Abstract
Darwin viewed cooperation as a perplexing challenge to his theory of natural selection. Natural selection generally favors the evolution of behaviors that enhance the fitness of individuals. Cooperative behavior, which increases the fitness of a recipient at the expense of the donor, contradicts this logic. William D. Hamilton helped to solve the puzzle when he showed that cooperation can evolve if cooperators direct benefits selectively to other cooperators (i.e. assortment). Kinship, group selection and the previous behavior of social partners all provide mechanisms for assortment (Figure 1), and kin selection and reciprocal altruism are the foundation of the kinds of cooperative behavior observed in many animals.

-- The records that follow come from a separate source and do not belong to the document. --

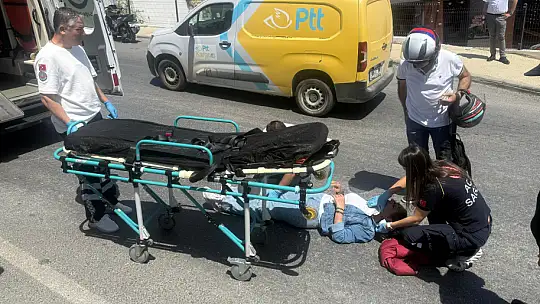 Kontrolsüz Araç Kazaya Neden Oldu: Motosikletteki Kadın Yaralandı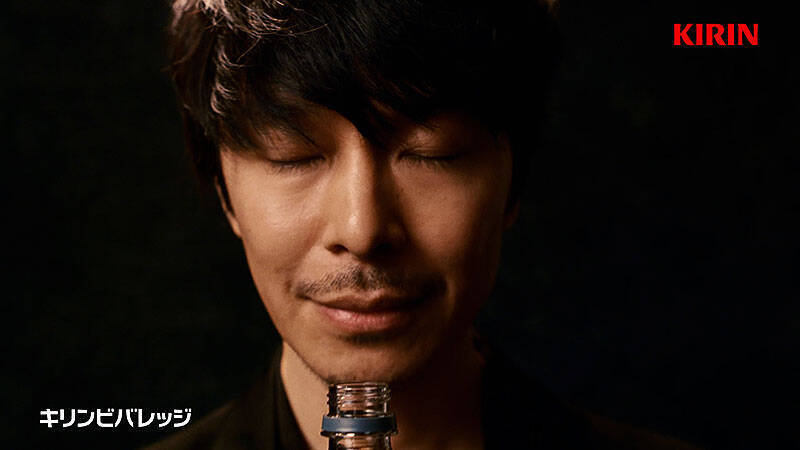 キリン ファイア アロマブリューにコーヒー通の長谷川博己「本当に良い香り。ふわっと広がる感じがまるで淹れたてのよう」いままでのペットボトルコーヒーとは一線を画すおいしさに驚き！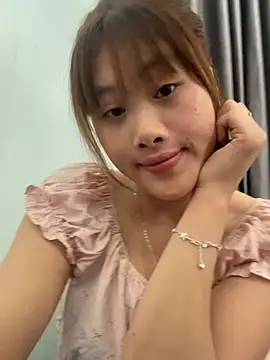 Snapshot of Ly-sexyy chatting on May 2026 04:19:01 AM Ly-sexyy online show from May 2026 04:19:01 AM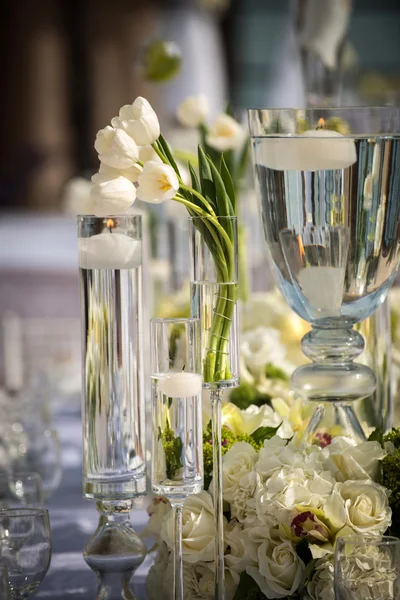 Salón de baile de boda bellamente decorado — Foto de Stock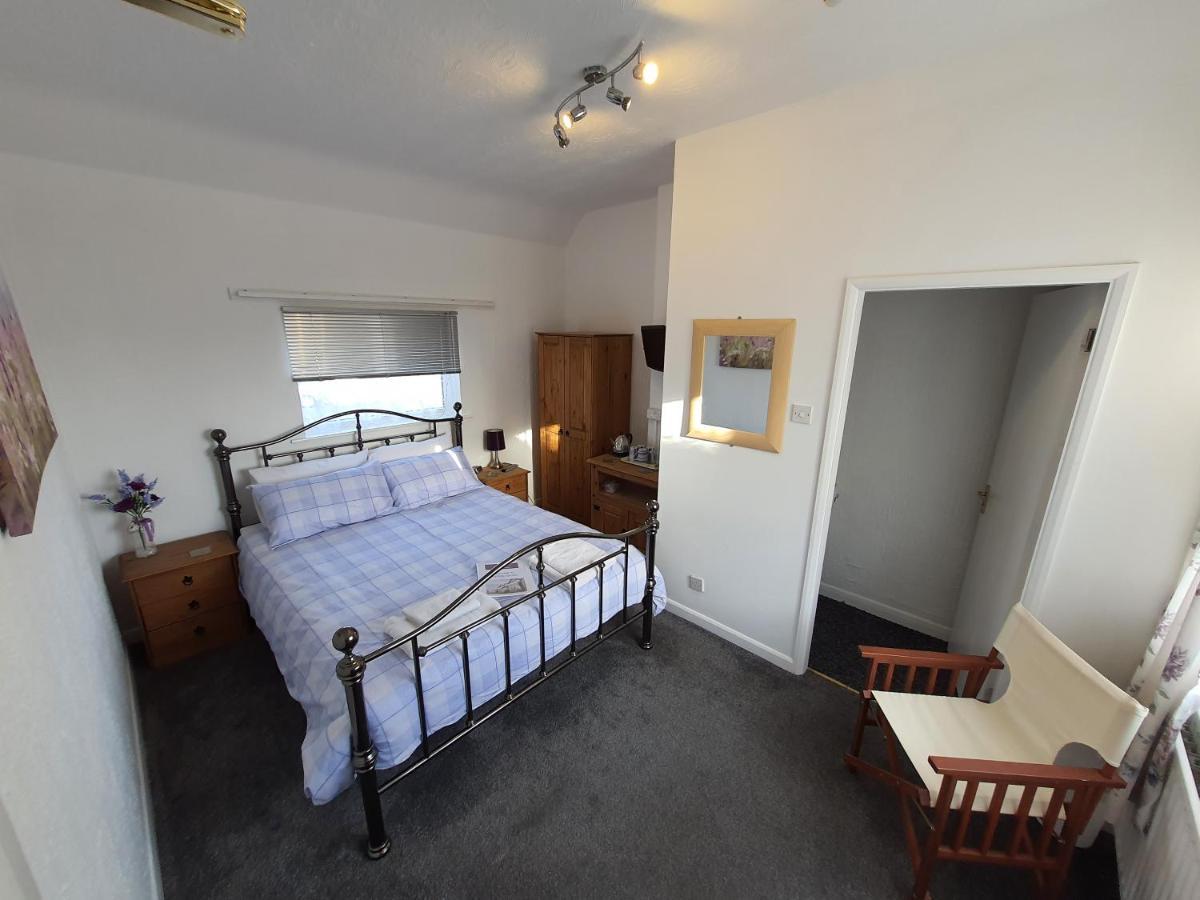 Bed and Breakfast Caxton House Скегнесс Экстерьер фото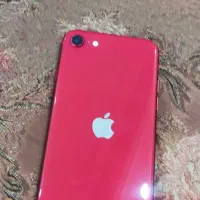 آیفون se 2020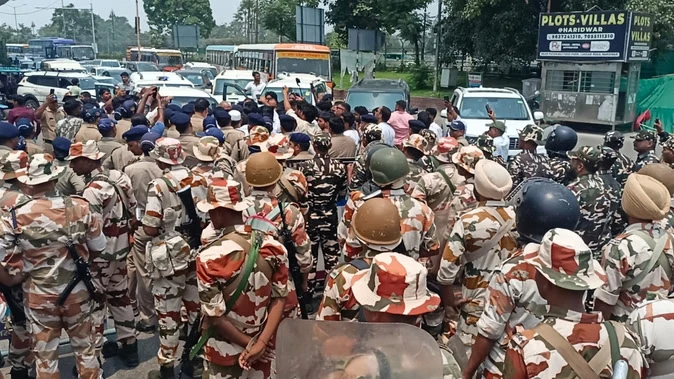 उमेश कुमार और चंद्रशेखर आजाद को पुलिस ने रोका, नई टिहरी कूच के दौरान तनाव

Humans also bias cooperation in favor of kin and reciprocating partners, but the scope, scale, and variability of human cooperation greatly exceed that of other animals. Here, we introduce derived features of human cooperation in the context in which they originally evolved, and discuss the processes that may have shaped the evolution of our remarkable capacity for cooperation. We argue that culturally-evolved norms that specify how people should behave provide an evolutionarily novel mechanism for assortment, and play an important role in sustaining derived properties of cooperation in human groups. Coren Apicella and Joan Silk introduce the main factors that have shaped the evolution of the special cooperative capacity of humans.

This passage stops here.